Didn't really want to write much more about Jimmy Savile, it was all getting a bit tedious.
Yet today, a BBC story popped up. It regarded Jeremy Paxman, someone who touched me very recently in regard to his reported tirade against a student whilst hosting the TV programme, University Challenge. Apparently the student's faux pas was to give the wrong answer to a question regarding England and Protestantism; giving the answer William 1st instead of William 3rd (of Orange). Paxman, verbally, threw him about like a rag-doll; which is nothing new on the show, thus I could not quite fathom why it was so heavily reported.
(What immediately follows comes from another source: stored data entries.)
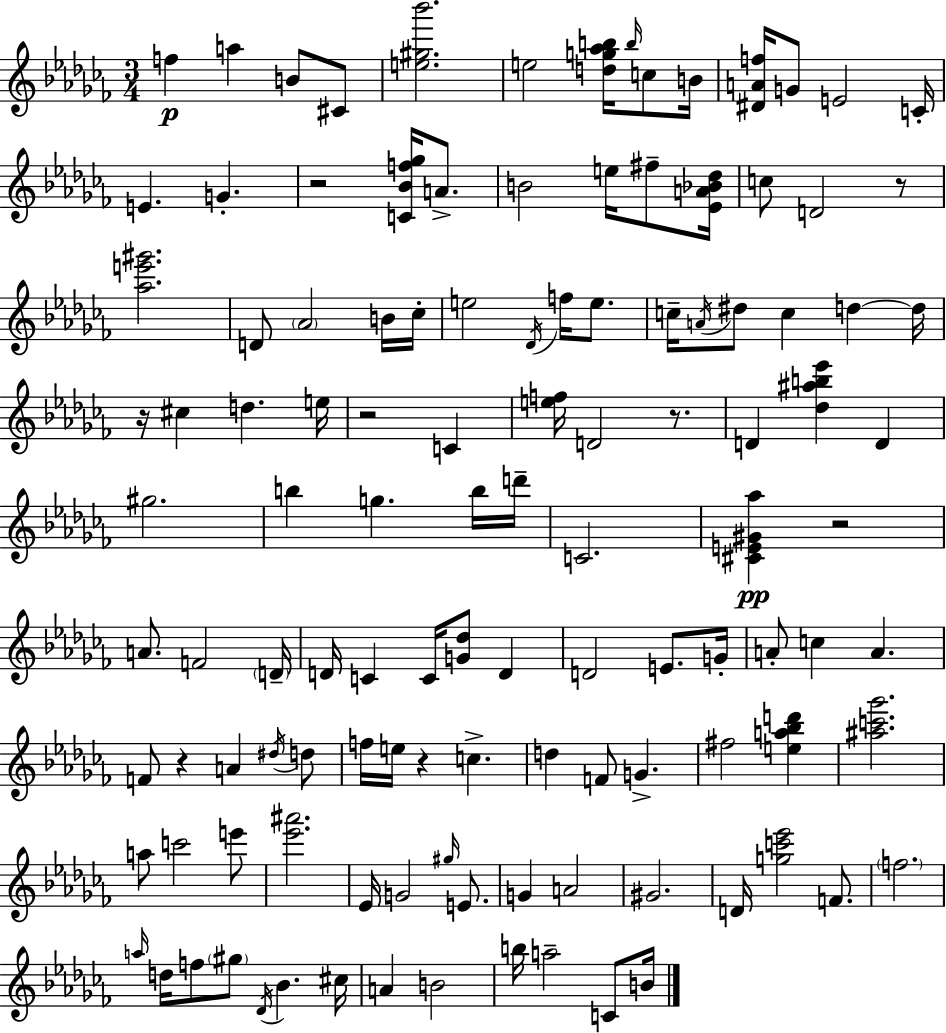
{
  \clef treble
  \numericTimeSignature
  \time 3/4
  \key aes \minor
  f''4\p a''4 b'8 cis'8 | <e'' gis'' bes'''>2. | e''2 <d'' g'' aes'' b''>16 \grace { b''16 } c''8 | b'16 <dis' a' f''>16 g'8 e'2 | \break c'16-. e'4. g'4.-. | r2 <c' bes' f'' ges''>16 a'8.-> | b'2 e''16 fis''8-- | <ees' a' bes' des''>16 c''8 d'2 r8 | \break <aes'' e''' gis'''>2. | d'8 \parenthesize aes'2 b'16 | ces''16-. e''2 \acciaccatura { des'16 } f''16 e''8. | c''16-- \acciaccatura { a'16 } dis''8 c''4 d''4~~ | \break d''16 r16 cis''4 d''4. | e''16 r2 c'4 | <e'' f''>16 d'2 | r8. d'4 <des'' ais'' b'' ees'''>4 d'4 | \break gis''2. | b''4 g''4. | b''16 d'''16-- c'2. | <cis' e' gis' aes''>4\pp r2 | \break a'8. f'2 | \parenthesize d'16-- d'16 c'4 c'16 <g' des''>8 d'4 | d'2 e'8. | g'16-. a'8-. c''4 a'4. | \break f'8 r4 a'4 | \acciaccatura { dis''16 } d''8 f''16 e''16 r4 c''4.-> | d''4 f'8 g'4.-> | fis''2 | \break <e'' a'' bes'' d'''>4 <ais'' c''' ges'''>2. | a''8 c'''2 | e'''8 <ees''' ais'''>2. | ees'16 g'2 | \break \grace { gis''16 } e'8. g'4 a'2 | gis'2. | d'16 <g'' c''' ees'''>2 | f'8. \parenthesize f''2. | \break \grace { a''16 } d''16 f''8 \parenthesize gis''8 \acciaccatura { des'16 } | bes'4. cis''16 a'4 b'2 | b''16 a''2-- | c'8 b'16 \bar "|."
}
In my post regarding it - Universally Challenged - I conjectured that it may have had something to do with the Glencoe massacre, given it's imminent anniversary and that the MacDonald culling was a blood sacrifice to the new joint monarchs of the "new" U.K - William and Mary (Stuart|). I also stepped into the twilight numerology of the digits 11 11, eleven eleven. Anyway, they sang Psalm 121 at the remembrance service at Glencoe on 13th February for the unfortunate MacDonalds, 121 being 11 x 11.
Which brings me to Savile - he owned a cottage at Glencoe. Today's BBC headline : Savile rumours were "common gossip". The first paragraph states:
"Jeremy Paxman told a BBC inquiry into Newsnight's axed Jimmy Savile investigation that it was "common gossip" the DJ liked "young" people.The Newsnight presenter said it was assumed they were girls, but he did not know "whether it was girls or boys".
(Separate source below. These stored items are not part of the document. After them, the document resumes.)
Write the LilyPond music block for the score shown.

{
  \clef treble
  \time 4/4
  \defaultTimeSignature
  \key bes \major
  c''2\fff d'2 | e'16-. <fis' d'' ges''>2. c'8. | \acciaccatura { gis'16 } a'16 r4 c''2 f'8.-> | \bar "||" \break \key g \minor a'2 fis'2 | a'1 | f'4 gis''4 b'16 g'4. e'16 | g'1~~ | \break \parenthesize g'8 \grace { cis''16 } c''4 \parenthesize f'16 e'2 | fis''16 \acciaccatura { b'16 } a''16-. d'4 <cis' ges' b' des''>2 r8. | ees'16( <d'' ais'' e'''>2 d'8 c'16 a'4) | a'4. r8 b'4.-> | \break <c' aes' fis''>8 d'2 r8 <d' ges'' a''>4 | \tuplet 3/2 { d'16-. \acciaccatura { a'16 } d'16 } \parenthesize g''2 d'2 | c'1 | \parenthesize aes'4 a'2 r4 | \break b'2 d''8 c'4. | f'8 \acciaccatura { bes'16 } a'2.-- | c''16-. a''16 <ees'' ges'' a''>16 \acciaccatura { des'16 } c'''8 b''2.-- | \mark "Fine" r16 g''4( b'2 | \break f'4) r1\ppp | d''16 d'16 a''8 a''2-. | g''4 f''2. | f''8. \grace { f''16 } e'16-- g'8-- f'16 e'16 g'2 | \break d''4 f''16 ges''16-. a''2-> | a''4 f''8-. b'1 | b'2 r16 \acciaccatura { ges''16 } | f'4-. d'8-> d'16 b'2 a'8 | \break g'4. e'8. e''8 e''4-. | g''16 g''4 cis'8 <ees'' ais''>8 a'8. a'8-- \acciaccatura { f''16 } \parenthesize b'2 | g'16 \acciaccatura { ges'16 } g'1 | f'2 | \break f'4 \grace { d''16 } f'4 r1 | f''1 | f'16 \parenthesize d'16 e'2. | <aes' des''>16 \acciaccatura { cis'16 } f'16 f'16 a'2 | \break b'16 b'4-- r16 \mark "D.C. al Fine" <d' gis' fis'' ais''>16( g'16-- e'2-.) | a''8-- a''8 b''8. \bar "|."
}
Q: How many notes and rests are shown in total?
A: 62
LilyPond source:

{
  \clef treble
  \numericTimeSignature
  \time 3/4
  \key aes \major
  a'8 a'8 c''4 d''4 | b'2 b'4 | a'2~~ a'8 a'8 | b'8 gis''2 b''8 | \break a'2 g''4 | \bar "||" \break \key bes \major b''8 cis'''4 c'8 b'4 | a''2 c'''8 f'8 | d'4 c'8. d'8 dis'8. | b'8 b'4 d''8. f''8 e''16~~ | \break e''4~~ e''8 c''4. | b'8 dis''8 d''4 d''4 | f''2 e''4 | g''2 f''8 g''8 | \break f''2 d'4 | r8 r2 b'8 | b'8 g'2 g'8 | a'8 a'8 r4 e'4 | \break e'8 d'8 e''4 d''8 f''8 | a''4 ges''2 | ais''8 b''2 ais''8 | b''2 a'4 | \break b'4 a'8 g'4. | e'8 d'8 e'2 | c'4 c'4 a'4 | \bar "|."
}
The above link has a link itself to the Pollard Review (PDF) - an investigation into why Newsnight (a TV programme which Paxman often hosts) dropped it's posthumous "probe"into Savile's sexual abuse.
On page 111 of the PDF (as linked), paragraph 36, in respect of a TV show to be made in recognition of Savile it notes " A budget was agreed and it was decided that the programme should be broadcast nationally on BBC One on 11/11/11, two days after Savile's funeral.".